Secretary of State Rex Tillerson participated in a rare public event this week in Alaska, as he officially handed the reins of the Arctic Council to Finland for the next two years.

Under U.S. leadership, the council has made significant strides in addressing pollution, particularly heavy fuel oil (HFO) and black carbon, which have outsized impacts on climate change, and in improving relations with indigenous communities. But, of course, it’s a new era now, and under the Trump administration, Arctic-watchers have been waiting with bated breath to see if Tillerson would undermine efforts to address climate change.

In his remarks at the close of the conference, Tillerson noted that the administration is “reviewing” a variety of U.S. policies, including on climate change. “We are not going to rush to make a decision,” he said. “We are going to work to make the right decision for the United States.”

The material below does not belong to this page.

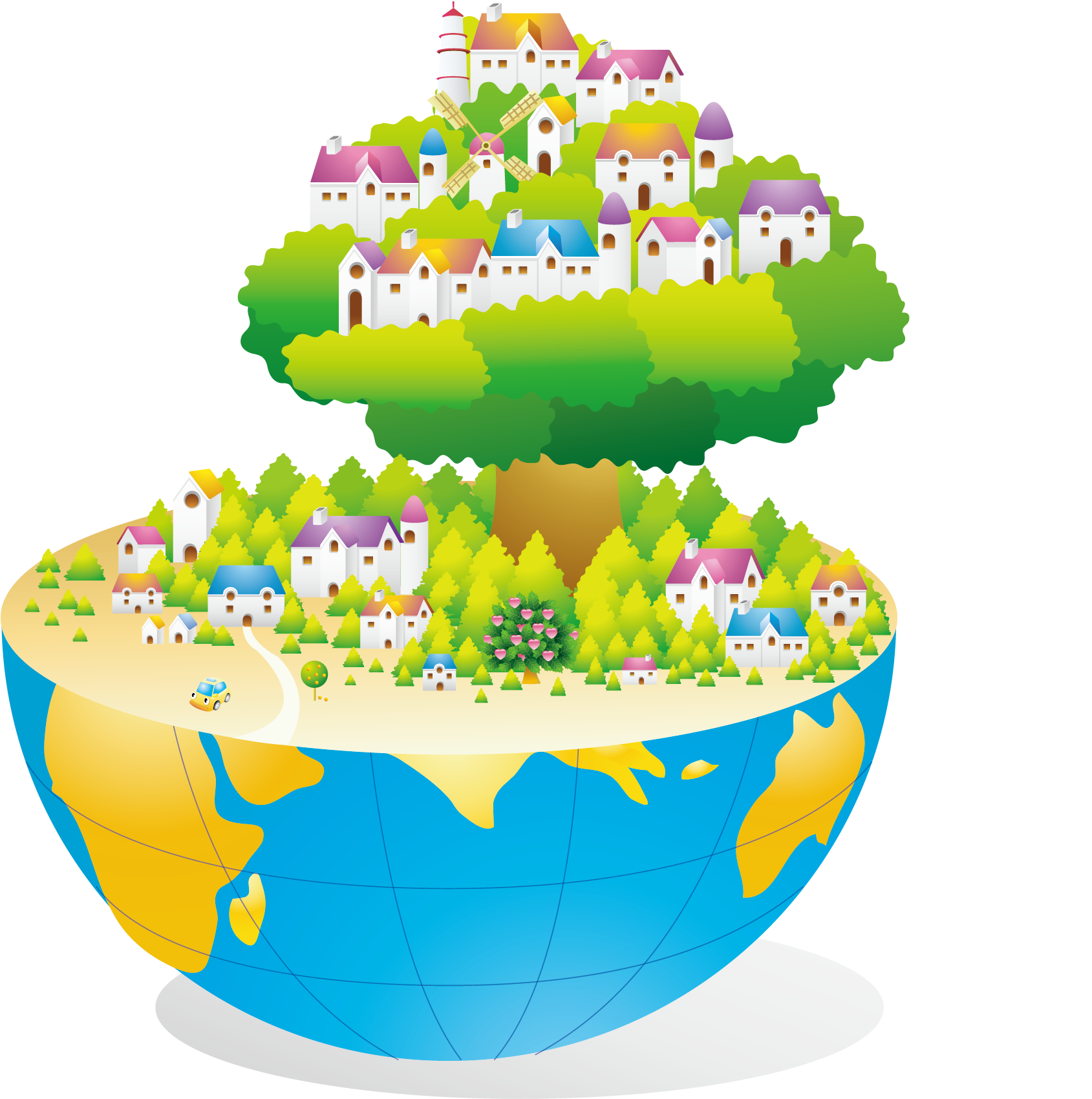 Global Village Poster Graphic Design - Earth (1763x1734)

He did not, though, take a hard line against including climate change as part of the council’s formal statement, the major outcome of the biannual meeting.

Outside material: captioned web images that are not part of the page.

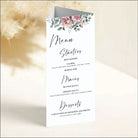 Tri-Fold Menu (Three sided) Blush Pink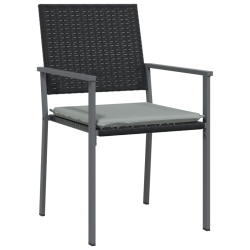 9-cz. zestaw mebli ogrodowych z poduszkami, rattan PE i stal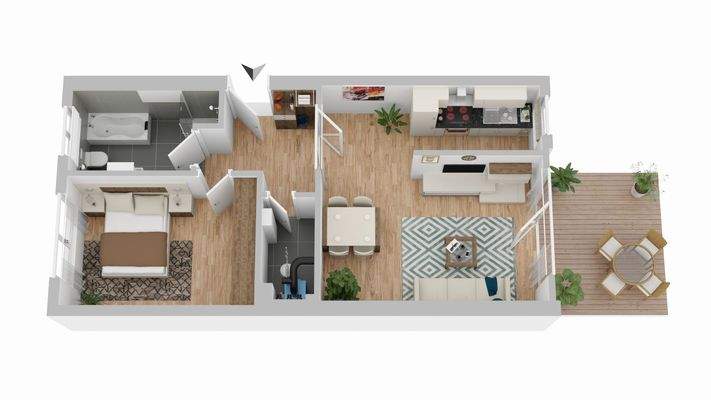 Grundriss visualisiert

In her comments, the Canadian representative thanked the United States and said that, despite difficult negotiations, the council “came to a really good place with [its] statement.”


In the official declaration, the council says its actions are “recognizing that activities taking place outside the Arctic region, including activities occurring in Arctic States, are the main contributors to climate change effects and pollution in the Arctic, and underlining the need for action at all levels.”

The group acknowledges that “the Arctic is warming at more than twice the rate of the global average, resulting in widespread social, environmental, and economic impacts in the Arctic and worldwide, and [there is a] pressing and increasing need for mitigation and adaptation actions and to strengthen resilience.”

In addition, the group notes “the entry into force of the Paris agreement on climate change” and reaffirms “need for global action to reduce both long-lived greenhouse gases and short-lived climate pollutants.”

The language is similar to previous declarations, but it is remarkable in the fact that Trump’s America signed onto it.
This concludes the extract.